YOUR GOAL ▸ Output range, inclusive: from the line containing "Robert 11. Sınıf Fizik Soru Bankası Yeni" to the line containing "Rick and Morty: Virtual Rick-ality sur PSVR". Restate those lines from the data below word for word and only those.
-- SOURCE MATERIAL follows --
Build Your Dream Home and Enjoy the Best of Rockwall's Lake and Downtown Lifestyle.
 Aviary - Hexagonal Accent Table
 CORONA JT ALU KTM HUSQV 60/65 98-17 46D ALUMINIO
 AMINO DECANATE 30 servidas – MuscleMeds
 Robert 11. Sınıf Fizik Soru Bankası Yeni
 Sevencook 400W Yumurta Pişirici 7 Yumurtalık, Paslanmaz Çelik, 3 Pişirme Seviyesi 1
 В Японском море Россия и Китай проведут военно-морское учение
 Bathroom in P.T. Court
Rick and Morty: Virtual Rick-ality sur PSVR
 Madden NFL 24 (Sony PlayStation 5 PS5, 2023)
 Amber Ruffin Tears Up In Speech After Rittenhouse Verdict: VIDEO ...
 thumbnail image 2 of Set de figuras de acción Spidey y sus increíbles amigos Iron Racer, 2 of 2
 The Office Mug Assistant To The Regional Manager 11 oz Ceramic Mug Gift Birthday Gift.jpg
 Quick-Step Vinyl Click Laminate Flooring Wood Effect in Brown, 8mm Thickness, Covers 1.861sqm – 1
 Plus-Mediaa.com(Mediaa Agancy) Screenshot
-- SOURCE MATERIAL concluded --
REPLY ▸
 Robert 11. Sınıf Fizik Soru Bankası Yeni
 Sevencook 400W Yumurta Pişirici 7 Yumurtalık, Paslanmaz Çelik, 3 Pişirme Seviyesi 1
 В Японском море Россия и Китай проведут военно-морское учение
 Bathroom in P.T. Court
Rick and Morty: Virtual Rick-ality sur PSVR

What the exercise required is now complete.